* What you will do *
Exact duplicates of the lines from the top of the data through the line containing "So now all you" are needed, with every picture left out.

* Provided data *
--
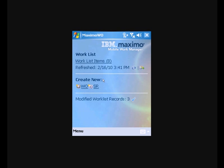Hello and welcome to the IBM Maximo Mobile Work Manager demonstration for MCOR and FDIC. After logging into Maximo Mobile on the handheld device, we have our work list items, the date and time that it was refreshed.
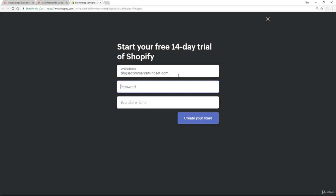So now all you need to do is choose some sort of password and then select a store name. Now, at this stage, you don't need to worry about coming up with a store name that you're ultimately going to use. Just choose any store name because we can change all this later as you'll see as we progress through the course. If you're struggling, just use your name. So in my case, Tim, for example, and then just put hot deals or super deals or bargain deals or whatever it might be on the end.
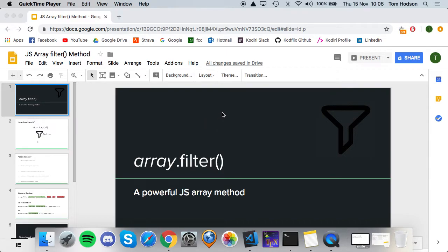Today I'm going to be talking about filter, which is an array method, and it does what it says on the tin, basically. So it takes an array and filters it based on a test that you give it, and returns a new array with elements of the original array that pass the test that you've given it.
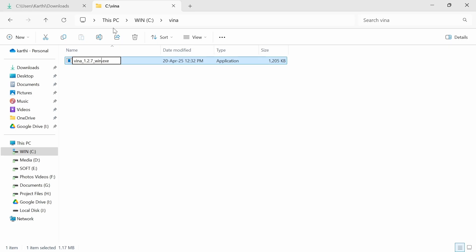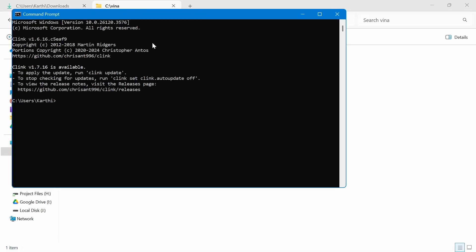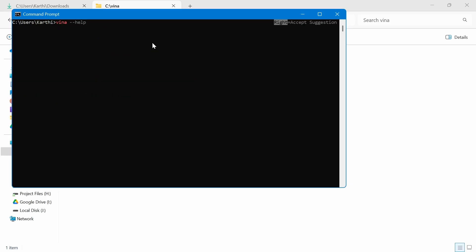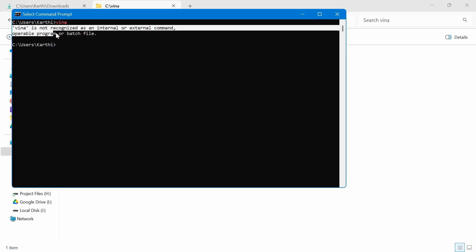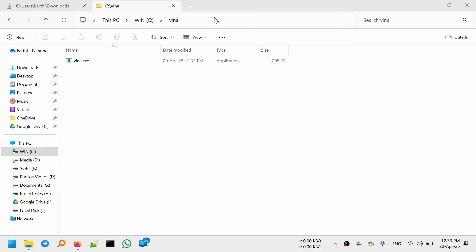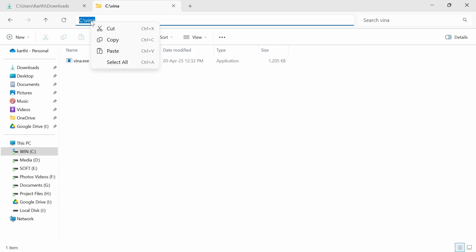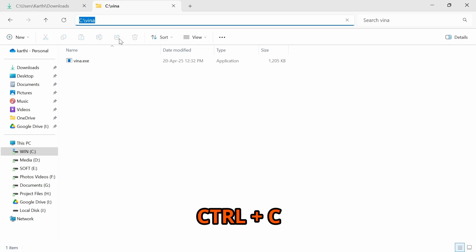Now you can rename this file. Rename it to vina.exe. Vina is not recognized as an internal or external command, so we have to add this path to the environment variables. Copy the path, which is C:\Vina.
--
* Solution to this exercise *
Hello and welcome to the IBM Maximo Mobile Work Manager demonstration for MCOR and FDIC. After logging into Maximo Mobile on the handheld device, we have our work list items, the date and time that it was refreshed.
So now all you need to do is choose some sort of password and then select a store name. Now, at this stage, you don't need to worry about coming up with a store name that you're ultimately going to use. Just choose any store name because we can change all this later as you'll see as we progress through the course. If you're struggling, just use your name. So in my case, Tim, for example, and then just put hot deals or super deals or bargain deals or whatever it might be on the end.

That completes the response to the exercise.